This is an automated email from the ASF dual-hosted git repository.
viirya pushed a commit to branch master
in repository https://gitbox.apache.org/repos/asf/arrow-rs.git
The following commit(s) were added to refs/heads/master by this push:
new 20a569a733f fix: Adjust FFI_ArrowArray offset based on the offset of
offset buffer (#5895)
20a569a733f is described below
commit 20a569a733f450e463eea2d635d052958a71f750
Author: Liang-Chi Hsieh <[email protected]>
AuthorDate: Wed Jun 19 18:43:05 2024 -0700
fix: Adjust FFI_ArrowArray offset based on the offset of offset buffer
(#5895)
* fix: Adjust FFI_ArrowArray offset based on the offset of offset buffer
* For review
* Fix clippy
* For review
---
arrow-array/src/ffi.rs | 56 ++++++++++++++++++++++++++++++++++++
arrow-buffer/src/buffer/immutable.rs | 13 +++++++++
arrow-data/src/ffi.rs | 55 ++++++++++++++++++++++++++++++++---
3 files changed, 120 insertions(+), 4 deletions(-)

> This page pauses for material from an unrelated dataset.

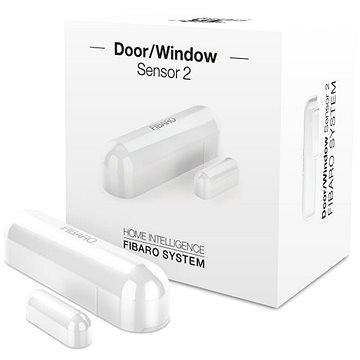 FIBARO Senzor na okna a dveře 2 bílý (FGDW-002-1)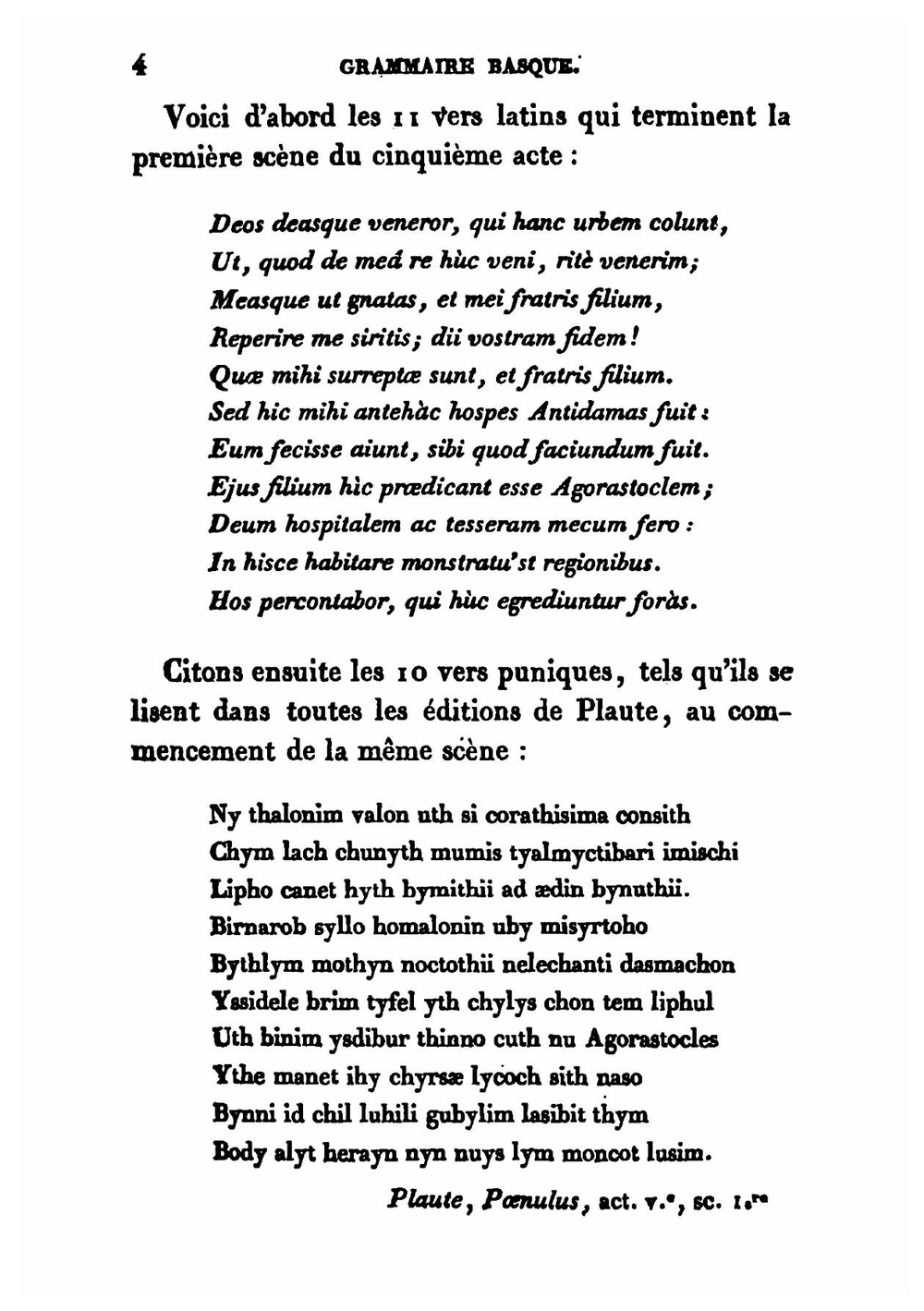 Grammaire Basque | Fleury De Lécluse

diff --git a/arrow-array/src/ffi.rs b/arrow-array/src/ffi.rs
index 088a0a6ab58..fe755b91f76 100644
--- a/arrow-array/src/ffi.rs
+++ b/arrow-array/src/ffi.rs
@@ -1225,6 +1225,7 @@ mod tests_from_ffi {
use std::sync::Arc;
use arrow_buffer::{bit_util, buffer::Buffer, MutableBuffer, OffsetBuffer};
+ use arrow_data::transform::MutableArrayData;
use arrow_data::ArrayData;
use arrow_schema::{DataType, Field};
@@ -1234,6 +1235,7 @@ mod tests_from_ffi {
Int32Array, Int64Array, StringArray, StructArray, UInt32Array,
UInt64Array,
},
ffi::{from_ffi, FFI_ArrowArray, FFI_ArrowSchema},
+ make_array, ArrayRef,
};
use super::{ImportedArrowArray, Result};
@@ -1458,4 +1460,58 @@ mod tests_from_ffi {
test_round_trip(&imported_array.consume()?)
}
+
+ fn roundtrip_string_array(array: StringArray) -> StringArray {
+ let data = array.into_data();
+
+ let array = FFI_ArrowArray::new(&data);
+ let schema = FFI_ArrowSchema::try_from(data.data_type()).unwrap();
+
+ let array = unsafe { from_ffi(array, &schema) }.unwrap();
+ StringArray::from(array)
+ }
+
+ fn extend_array(array: &dyn Array) -> ArrayRef {
+ let len = array.len();
+ let data = array.to_data();
+
+ let mut mutable = MutableArrayData::new(vec![&data], false, len);
+ mutable.extend(0, 0, len);
+ make_array(mutable.freeze())
+ }
+
+ #[test]
+ fn test_extend_imported_string_slice() {
+ let mut strings = vec![];
+
+ for i in 0..1000 {
+ strings.push(format!("string: {}", i));
+ }
+
+ let string_array = StringArray::from(strings);
+
+ let imported = roundtrip_string_array(string_array.clone());
+ assert_eq!(imported.len(), 1000);
+ assert_eq!(imported.value(0), "string: 0");
+ assert_eq!(imported.value(499), "string: 499");
+
+ let copied = extend_array(&imported);
+ assert_eq!(
+ copied.as_any().downcast_ref::<StringArray>().unwrap(),
+ &imported
+ );
+
+ let slice = string_array.slice(500, 500);
+
+ let imported = roundtrip_string_array(slice);
+ assert_eq!(imported.len(), 500);
+ assert_eq!(imported.value(0), "string: 500");
+ assert_eq!(imported.value(499), "string: 999");
+
+ let copied = extend_array(&imported);
+ assert_eq!(
+ copied.as_any().downcast_ref::<StringArray>().unwrap(),
+ &imported
+ );
+ }
}
diff --git a/arrow-buffer/src/buffer/immutable.rs
b/arrow-buffer/src/buffer/immutable.rs
index f26cde05b7a..2c743842fb0 100644
--- a/arrow-buffer/src/buffer/immutable.rs
+++ b/arrow-buffer/src/buffer/immutable.rs
@@ -71,6 +71,19 @@ impl Buffer {
}
}
+ /// Returns the offset, in bytes, of `Self::ptr` to `Self::data`
+ ///
+ /// self.ptr and self.data can be different after slicing or advancing the
buffer.
+ pub fn ptr_offset(&self) -> usize {
+ // Safety: `ptr` is always in bounds of `data`.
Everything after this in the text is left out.